## ACTION ITEM
Every line below from the one containing "OEM Te5000 13.5ml" through the one containing "比亚迪秦dmi55km什么意思" is to be printed exactly, with the pictures omitted.

## DATA SECTION
'''

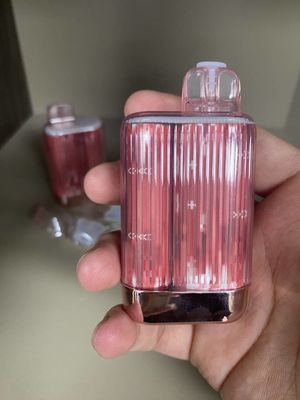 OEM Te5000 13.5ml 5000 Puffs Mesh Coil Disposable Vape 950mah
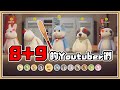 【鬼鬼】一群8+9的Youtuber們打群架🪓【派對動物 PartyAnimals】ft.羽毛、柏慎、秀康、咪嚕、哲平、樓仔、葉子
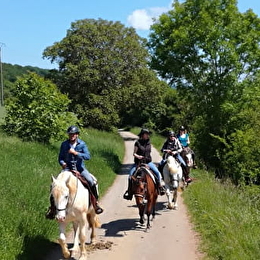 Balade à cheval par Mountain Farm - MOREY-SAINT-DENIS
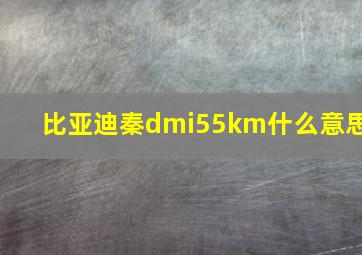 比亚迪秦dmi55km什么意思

'''
'''

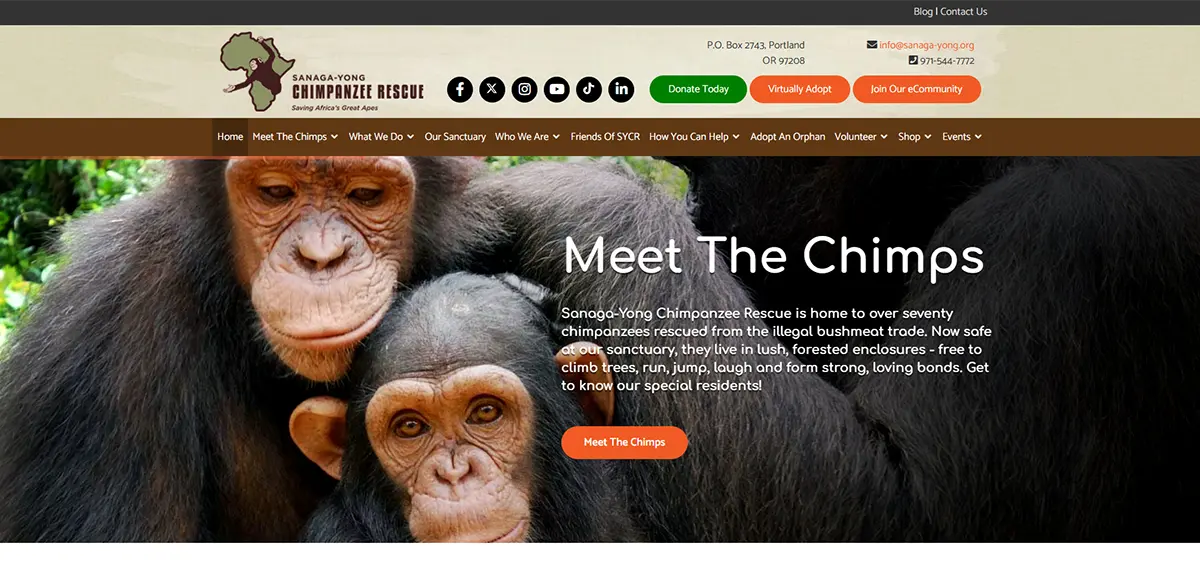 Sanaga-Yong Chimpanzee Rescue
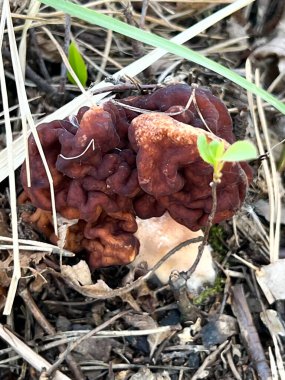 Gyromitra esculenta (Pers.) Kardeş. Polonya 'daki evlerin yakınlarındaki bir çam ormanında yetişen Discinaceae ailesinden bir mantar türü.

'''
'''

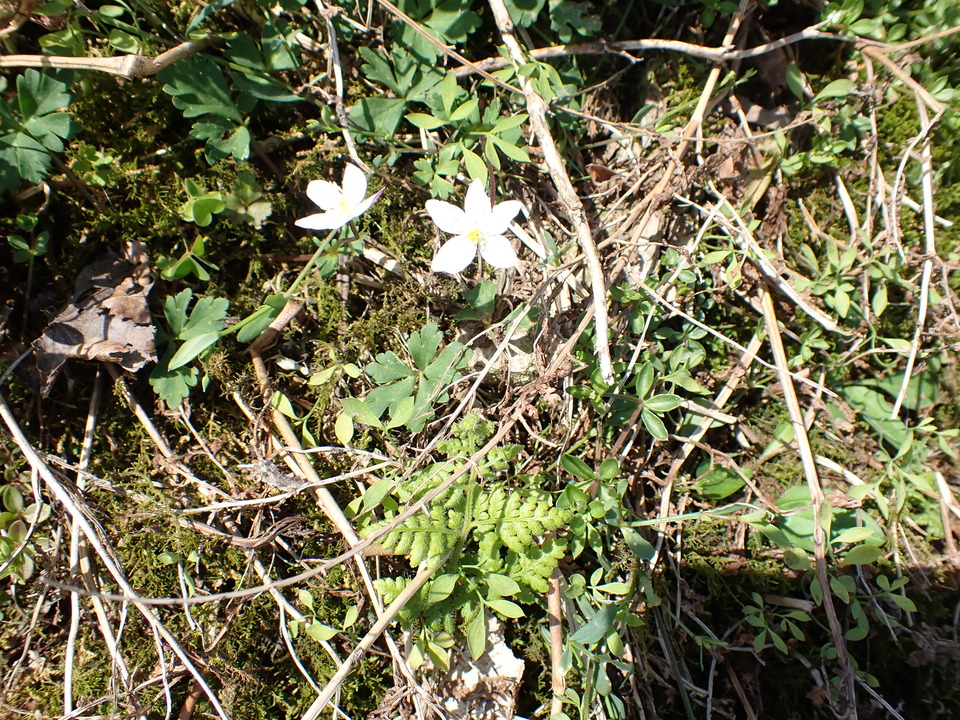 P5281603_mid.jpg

'''

## REPLY TO THE EXERCISE
 OEM Te5000 13.5ml 5000 Puffs Mesh Coil Disposable Vape 950mah
 【鬼鬼】一群8+9的Youtuber們打群架🪓【派對動物 PartyAnimals】ft.羽毛、柏慎、秀康、咪嚕、哲平、樓仔、葉子
 Balade à cheval par Mountain Farm - MOREY-SAINT-DENIS
 比亚迪秦dmi55km什么意思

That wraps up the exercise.